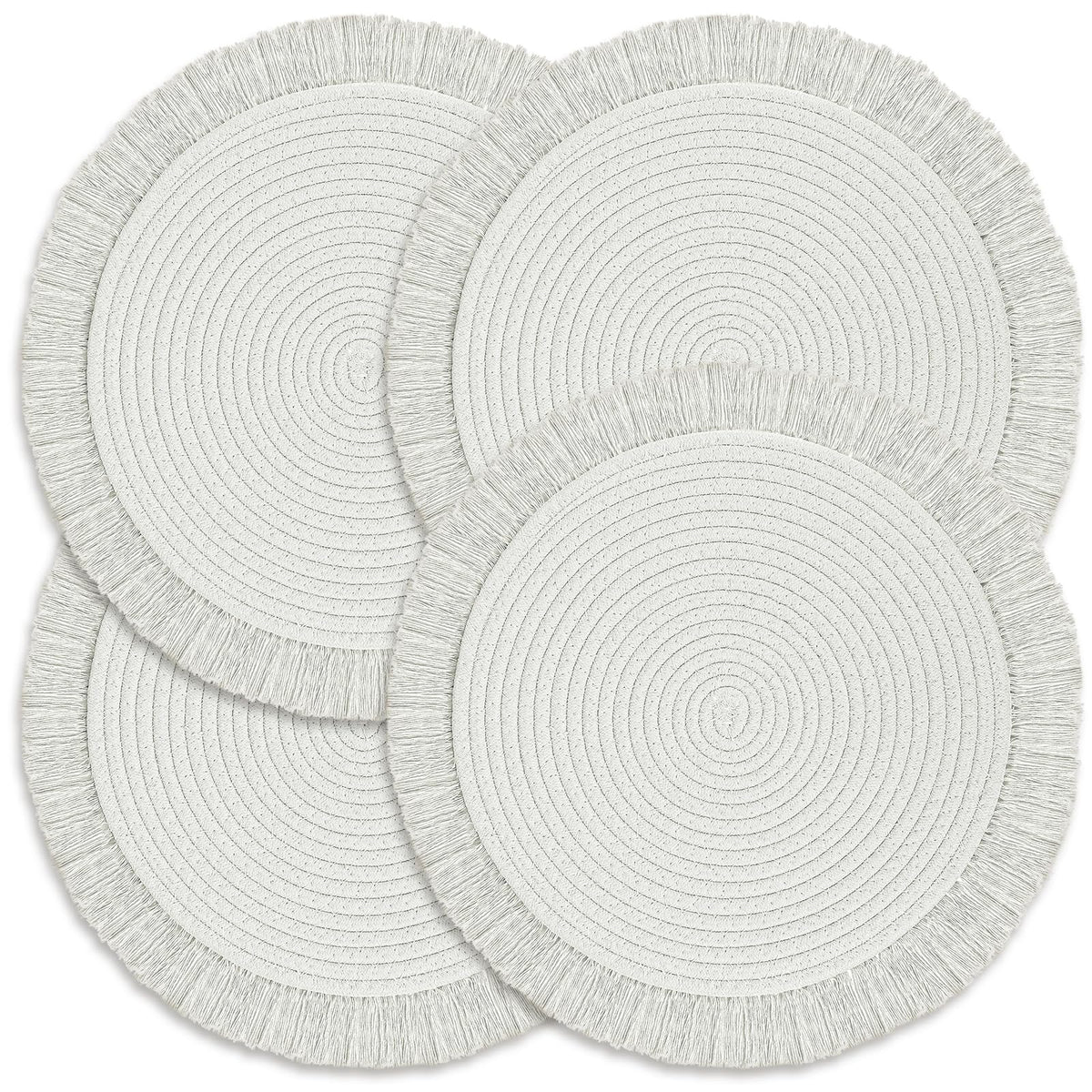 13 Inch Round Cotton Placemat Set of 4 Boho Placemats Table Mats Woven Washable Table Placemats for Fall Kitchen Dining Home Farmhouse Thanksgiving Christmas Decoration Heat Resistant Place Mat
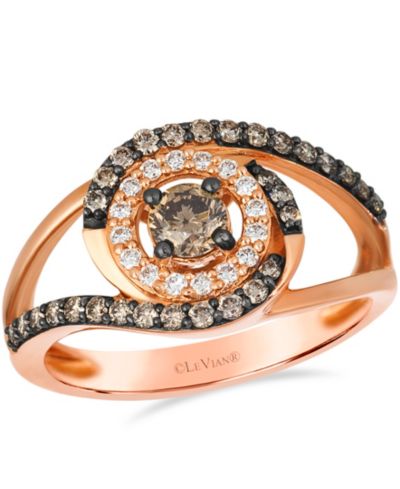 Кольцо Le Vian Chocolate Diamond и Vanilla Diamond (0.72 ct. t.w.) в 14K Strawberry Gold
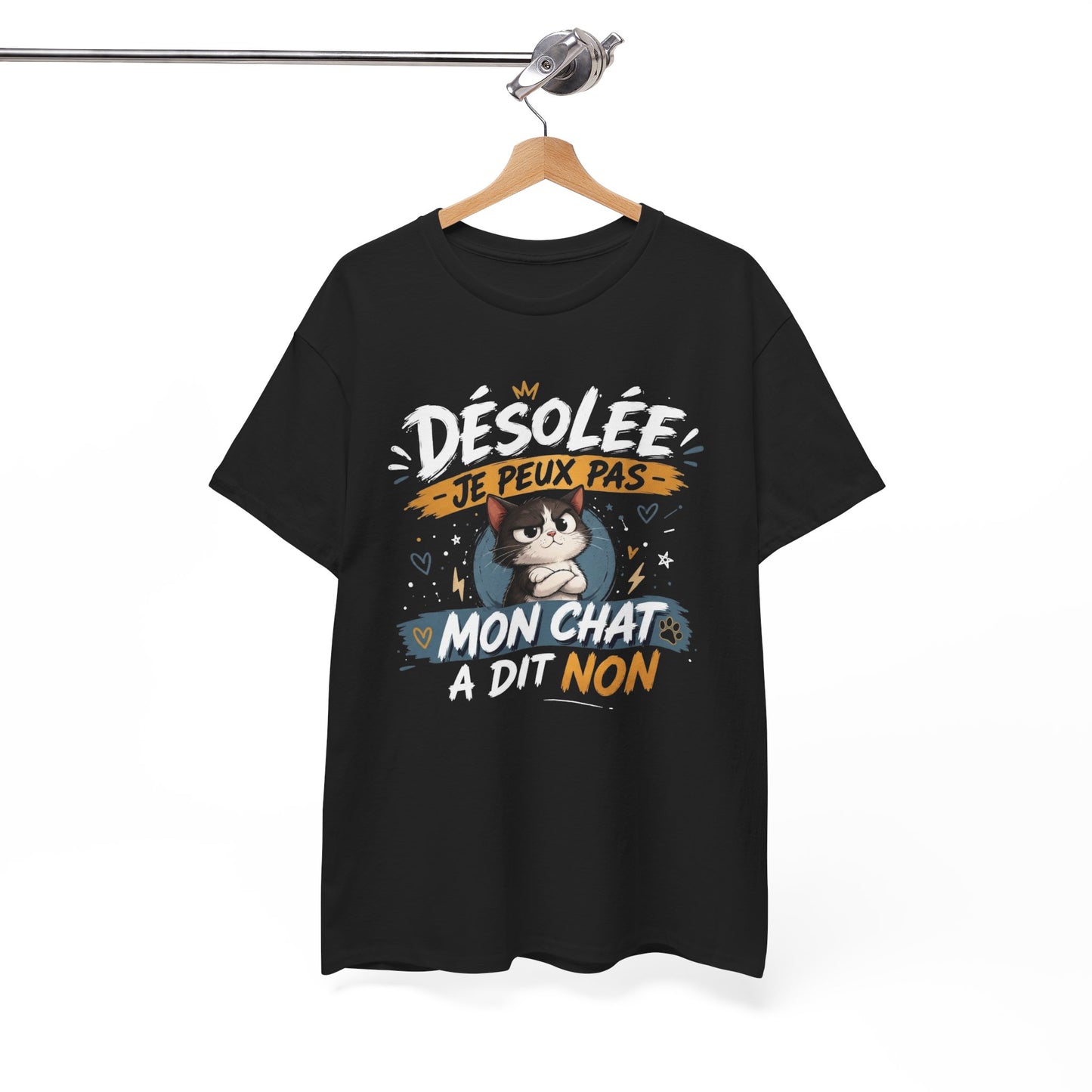 Tee-Shirt Désolée Je Peux Pas Mon Chat a Dit Non – Cadeau Humour Chat Femme Homme – Chaton Drôle Amoureux des Chats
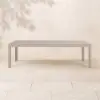 Wevara 104" Sand-Finished Aluminum Slatted Outdoor Dining Table in Sand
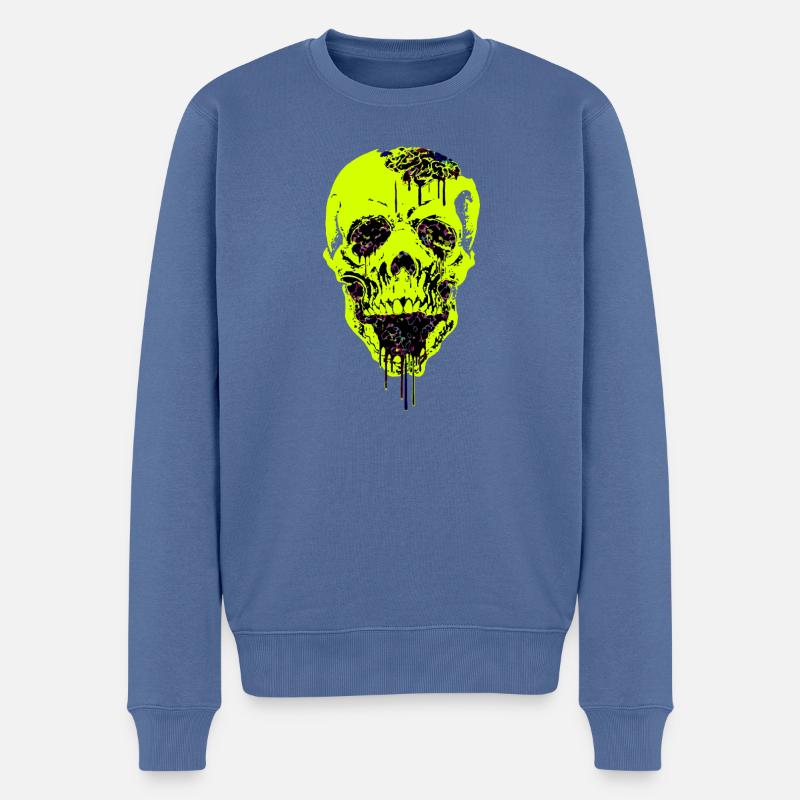 Neurowerveldeil Icône de crâne - Pull Premium bio Homme - bleu pigeon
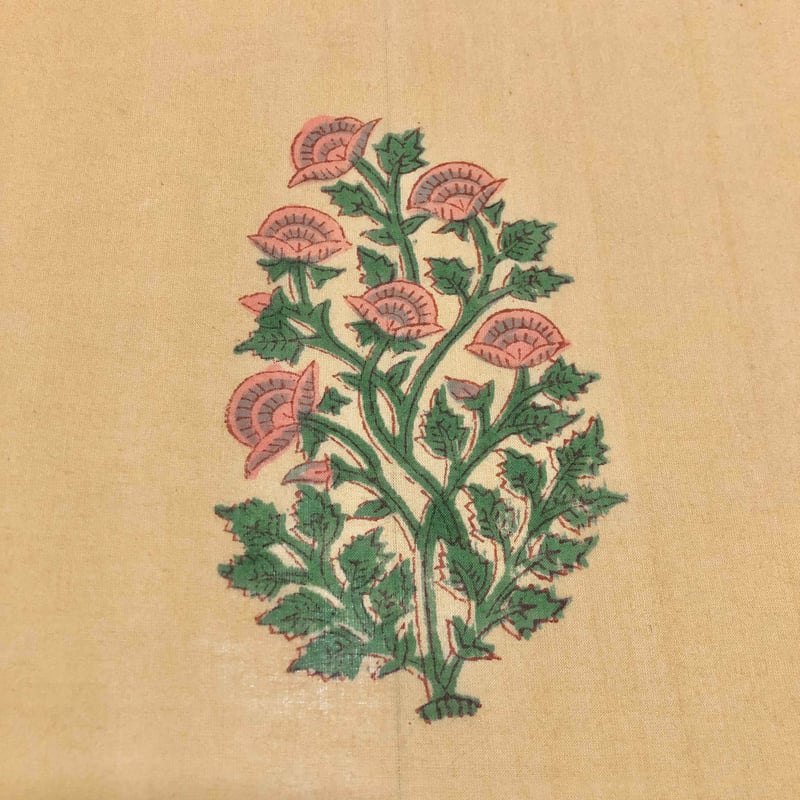 Sale フレンチピンクS ブロックプリントリキルト オーガニックコットン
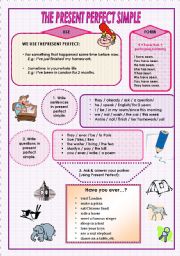 English Worksheet: The Present Perfect Simple (study box and practice)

------

:: Work task ::
Return every line of the data above exactly, and omit all pictures.

:: Your response ::
 13 Inch Round Cotton Placemat Set of 4 Boho Placemats Table Mats Woven Washable Table Placemats for Fall Kitchen Dining Home Farmhouse Thanksgiving Christmas Decoration Heat Resistant Place Mat
 Кольцо Le Vian Chocolate Diamond и Vanilla Diamond (0.72 ct. t.w.) в 14K Strawberry Gold
 Tee-Shirt Désolée Je Peux Pas Mon Chat a Dit Non – Cadeau Humour Chat Femme Homme – Chaton Drôle Amoureux des Chats
 Wevara 104" Sand-Finished Aluminum Slatted Outdoor Dining Table in Sand
 Neurowerveldeil Icône de crâne - Pull Premium bio Homme - bleu pigeon
 Sale フレンチピンクS ブロックプリントリキルト オーガニックコットン
 English Worksheet: The Present Perfect Simple (study box and practice)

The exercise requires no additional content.